An undated photo of the exterior view of the Nesconset...

An undated photo of the exterior view of the Nesconset Elementary School in the Smithtown School District on Gibbs Pond Road in Nesconset. Credit: Tony Jerome

After months of study, a committee of Smithtown parents, residents and school officials recommended Thursday night closing Nesconset Elementary School later this year.

The panel, called the Citizens Advisory Committee on Instruction and Housing, voted 17-4 to urge closing Nesconset Elementary instead of Mills Pond Elementary in St. James.

The school board is expected to make a final decision on a school closure next month.

The committee also voted to recommend renting the district's administrative offices if it is financially beneficial and said school officials should study selling undeveloped district-owned land.

The committee overwhelmingly opposed adopting an elementary school grade-restructuring model called the Princeton Plan. Only one committee member supported the plan.

"We know that this is not an easy decision," Jennifer Bradshaw, a committee co-chairwoman and Smithtown's director of curriculum, said after the school-closure vote. "This is our advice to the board of education based on some heavy-duty study."

Colleen Albano, a Nesconset parent and member of the committee, declined to comment after the vote.

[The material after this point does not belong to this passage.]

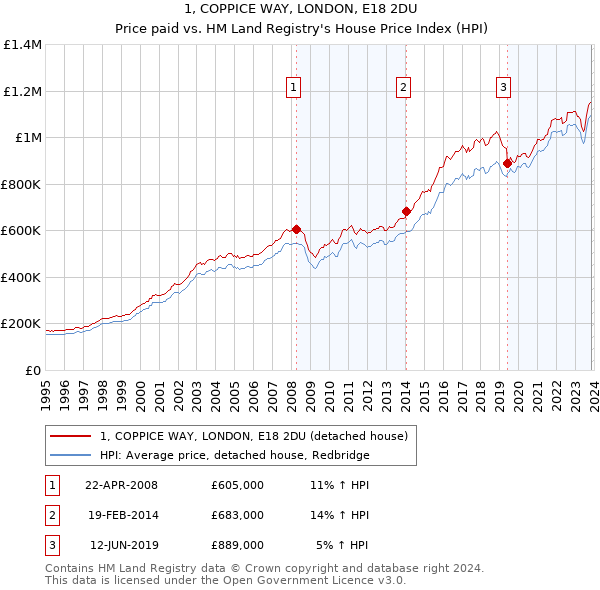 1, COPPICE WAY, LONDON, E18 2DU: Price paid vs HM Land Registry's House Price Index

The district had said it plans to close a school in September for an expected annual savings of about $1 million in personnel expenses. School officials have said that enrollment throughout the district is projected to decline in the next decade.

Students from the closed school would shift to other district schools. Because of anticipated changes in the zones that determine where children attend school, some students from the school that remains open will be shifted to St. James Elementary School, officials have said.

The advisory committee began meeting in April with a mandate to recommend which of the district's 14 schools should be closed.

By November, the committee decided that either Nesconset Elementary or Mills Pond Elementary should be closed. Anticipated enrollment increases at those schools did not materialize because planned nearby housing developments never got off the ground, district officials said.

Mills Pond parents quickly organized rallies to protest the possible closing of the school. They appeared at board of education meetings in November and last month wearing the school's red and white colors and demonstrated outside the district offices last month.

Mills Pond reopened in 2002 after being closed for 20 years.